Dataset content:
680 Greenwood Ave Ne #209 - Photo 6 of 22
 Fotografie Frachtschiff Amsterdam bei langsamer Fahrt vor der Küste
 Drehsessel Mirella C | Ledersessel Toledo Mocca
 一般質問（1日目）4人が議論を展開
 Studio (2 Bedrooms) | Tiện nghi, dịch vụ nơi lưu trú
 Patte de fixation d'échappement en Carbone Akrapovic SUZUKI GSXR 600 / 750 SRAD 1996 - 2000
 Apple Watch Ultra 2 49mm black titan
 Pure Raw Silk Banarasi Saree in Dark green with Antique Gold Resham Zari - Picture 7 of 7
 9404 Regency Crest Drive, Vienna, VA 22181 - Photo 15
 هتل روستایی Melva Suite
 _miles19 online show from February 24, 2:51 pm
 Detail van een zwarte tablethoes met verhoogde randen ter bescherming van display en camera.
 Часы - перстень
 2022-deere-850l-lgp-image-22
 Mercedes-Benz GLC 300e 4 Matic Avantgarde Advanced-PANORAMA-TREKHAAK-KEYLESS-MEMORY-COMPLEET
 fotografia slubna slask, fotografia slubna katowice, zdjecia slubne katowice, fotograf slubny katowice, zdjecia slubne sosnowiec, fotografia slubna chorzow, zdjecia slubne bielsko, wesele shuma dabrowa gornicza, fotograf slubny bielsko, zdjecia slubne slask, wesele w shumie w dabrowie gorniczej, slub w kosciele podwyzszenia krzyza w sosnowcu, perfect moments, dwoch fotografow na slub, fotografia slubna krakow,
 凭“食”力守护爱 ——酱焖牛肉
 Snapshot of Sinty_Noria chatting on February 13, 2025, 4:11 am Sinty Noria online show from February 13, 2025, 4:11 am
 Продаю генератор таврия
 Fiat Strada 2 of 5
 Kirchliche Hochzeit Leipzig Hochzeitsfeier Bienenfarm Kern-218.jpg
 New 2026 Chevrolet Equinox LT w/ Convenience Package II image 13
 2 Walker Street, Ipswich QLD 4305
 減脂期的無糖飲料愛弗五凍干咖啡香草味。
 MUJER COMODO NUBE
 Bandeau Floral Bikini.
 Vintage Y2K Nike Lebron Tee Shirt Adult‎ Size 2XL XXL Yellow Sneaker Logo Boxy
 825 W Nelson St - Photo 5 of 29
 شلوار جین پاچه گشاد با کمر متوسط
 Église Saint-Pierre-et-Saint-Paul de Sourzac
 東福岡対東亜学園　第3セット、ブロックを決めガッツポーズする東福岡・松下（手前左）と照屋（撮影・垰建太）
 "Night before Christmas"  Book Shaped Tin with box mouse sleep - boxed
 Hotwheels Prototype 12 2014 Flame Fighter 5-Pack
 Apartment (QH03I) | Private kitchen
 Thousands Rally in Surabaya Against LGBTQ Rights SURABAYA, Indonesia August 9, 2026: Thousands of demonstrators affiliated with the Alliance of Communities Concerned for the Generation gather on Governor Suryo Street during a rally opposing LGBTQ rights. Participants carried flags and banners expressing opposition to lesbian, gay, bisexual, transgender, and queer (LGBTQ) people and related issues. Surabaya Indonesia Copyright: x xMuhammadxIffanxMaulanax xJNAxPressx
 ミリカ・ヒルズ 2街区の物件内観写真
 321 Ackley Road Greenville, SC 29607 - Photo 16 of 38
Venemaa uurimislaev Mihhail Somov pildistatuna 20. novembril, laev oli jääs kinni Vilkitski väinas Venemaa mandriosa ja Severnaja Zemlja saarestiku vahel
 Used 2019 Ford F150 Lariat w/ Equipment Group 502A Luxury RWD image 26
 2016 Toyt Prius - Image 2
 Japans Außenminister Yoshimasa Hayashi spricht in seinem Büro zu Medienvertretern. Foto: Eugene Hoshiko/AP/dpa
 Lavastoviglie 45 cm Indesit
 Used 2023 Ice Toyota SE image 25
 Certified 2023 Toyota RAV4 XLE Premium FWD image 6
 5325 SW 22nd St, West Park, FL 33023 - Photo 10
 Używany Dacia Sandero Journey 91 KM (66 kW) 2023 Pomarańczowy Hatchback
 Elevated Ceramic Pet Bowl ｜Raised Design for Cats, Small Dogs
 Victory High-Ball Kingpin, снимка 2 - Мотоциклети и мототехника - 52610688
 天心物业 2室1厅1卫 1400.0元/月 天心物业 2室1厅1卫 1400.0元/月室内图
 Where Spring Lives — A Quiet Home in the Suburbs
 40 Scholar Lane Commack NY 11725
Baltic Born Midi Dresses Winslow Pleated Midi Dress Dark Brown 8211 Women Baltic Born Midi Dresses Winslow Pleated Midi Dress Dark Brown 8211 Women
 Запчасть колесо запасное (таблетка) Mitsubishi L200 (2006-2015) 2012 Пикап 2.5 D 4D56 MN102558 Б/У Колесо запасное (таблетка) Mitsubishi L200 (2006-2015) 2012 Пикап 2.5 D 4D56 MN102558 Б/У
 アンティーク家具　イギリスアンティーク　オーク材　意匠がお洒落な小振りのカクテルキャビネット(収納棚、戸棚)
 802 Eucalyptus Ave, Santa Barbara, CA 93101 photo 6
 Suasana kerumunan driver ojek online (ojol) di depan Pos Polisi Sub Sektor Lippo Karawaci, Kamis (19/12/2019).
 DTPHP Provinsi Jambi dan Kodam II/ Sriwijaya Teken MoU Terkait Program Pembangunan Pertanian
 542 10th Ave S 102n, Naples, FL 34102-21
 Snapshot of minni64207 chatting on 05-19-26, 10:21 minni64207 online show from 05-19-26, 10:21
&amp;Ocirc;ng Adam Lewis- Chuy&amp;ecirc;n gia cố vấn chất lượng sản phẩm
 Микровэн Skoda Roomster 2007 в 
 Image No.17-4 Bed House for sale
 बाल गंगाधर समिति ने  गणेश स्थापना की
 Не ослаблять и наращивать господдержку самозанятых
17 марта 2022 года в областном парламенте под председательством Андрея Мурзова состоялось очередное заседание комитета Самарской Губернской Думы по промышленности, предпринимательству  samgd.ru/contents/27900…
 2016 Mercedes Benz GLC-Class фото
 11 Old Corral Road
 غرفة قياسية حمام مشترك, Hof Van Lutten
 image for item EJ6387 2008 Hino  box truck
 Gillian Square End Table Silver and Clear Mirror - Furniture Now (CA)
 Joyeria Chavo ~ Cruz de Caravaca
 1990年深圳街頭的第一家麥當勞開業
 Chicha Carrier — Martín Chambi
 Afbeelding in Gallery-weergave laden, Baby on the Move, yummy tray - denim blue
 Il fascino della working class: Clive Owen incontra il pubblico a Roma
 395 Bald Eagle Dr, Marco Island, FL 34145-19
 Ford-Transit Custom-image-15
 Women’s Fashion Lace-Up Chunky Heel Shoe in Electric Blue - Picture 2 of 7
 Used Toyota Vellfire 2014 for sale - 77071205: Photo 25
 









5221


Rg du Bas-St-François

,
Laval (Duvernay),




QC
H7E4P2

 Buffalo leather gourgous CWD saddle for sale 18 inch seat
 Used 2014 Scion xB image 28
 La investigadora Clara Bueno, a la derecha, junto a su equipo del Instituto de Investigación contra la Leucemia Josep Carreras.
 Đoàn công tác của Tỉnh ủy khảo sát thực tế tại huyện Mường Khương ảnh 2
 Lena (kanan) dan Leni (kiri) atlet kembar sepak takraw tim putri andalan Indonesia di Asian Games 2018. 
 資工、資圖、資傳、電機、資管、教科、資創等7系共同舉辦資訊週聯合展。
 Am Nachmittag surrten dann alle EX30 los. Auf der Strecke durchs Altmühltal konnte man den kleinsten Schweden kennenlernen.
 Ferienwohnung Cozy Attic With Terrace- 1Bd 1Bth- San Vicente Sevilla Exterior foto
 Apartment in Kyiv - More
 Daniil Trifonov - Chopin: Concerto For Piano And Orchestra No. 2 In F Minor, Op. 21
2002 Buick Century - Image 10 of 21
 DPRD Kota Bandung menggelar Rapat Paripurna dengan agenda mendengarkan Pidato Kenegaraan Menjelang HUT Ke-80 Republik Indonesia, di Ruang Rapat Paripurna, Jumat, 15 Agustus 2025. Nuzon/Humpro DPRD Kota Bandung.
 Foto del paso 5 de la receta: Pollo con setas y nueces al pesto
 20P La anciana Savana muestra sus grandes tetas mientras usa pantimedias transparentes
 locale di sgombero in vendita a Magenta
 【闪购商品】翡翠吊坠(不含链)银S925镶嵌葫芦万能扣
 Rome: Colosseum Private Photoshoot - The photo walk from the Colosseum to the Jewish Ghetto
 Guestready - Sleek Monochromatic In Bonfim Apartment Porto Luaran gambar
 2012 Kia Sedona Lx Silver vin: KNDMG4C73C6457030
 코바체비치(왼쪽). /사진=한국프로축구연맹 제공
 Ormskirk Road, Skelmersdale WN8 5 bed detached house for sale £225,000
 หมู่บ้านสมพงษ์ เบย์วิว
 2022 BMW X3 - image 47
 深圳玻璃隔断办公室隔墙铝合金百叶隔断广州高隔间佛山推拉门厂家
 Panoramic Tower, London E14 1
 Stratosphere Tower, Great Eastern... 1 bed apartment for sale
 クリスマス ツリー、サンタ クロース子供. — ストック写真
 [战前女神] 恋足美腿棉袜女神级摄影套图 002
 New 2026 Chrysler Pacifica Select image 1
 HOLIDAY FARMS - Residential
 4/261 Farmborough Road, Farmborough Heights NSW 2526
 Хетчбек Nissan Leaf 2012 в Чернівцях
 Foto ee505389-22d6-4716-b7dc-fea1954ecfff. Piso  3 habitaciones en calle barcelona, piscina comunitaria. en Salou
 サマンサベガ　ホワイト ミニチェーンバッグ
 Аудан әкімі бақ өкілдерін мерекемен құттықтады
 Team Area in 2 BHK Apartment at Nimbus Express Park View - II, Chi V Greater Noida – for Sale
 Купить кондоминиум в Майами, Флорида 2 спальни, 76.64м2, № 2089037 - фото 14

Exercise: Line count for the string "фото": give the number of lines in the listing that hold it, with no other output.

Worked solution: 2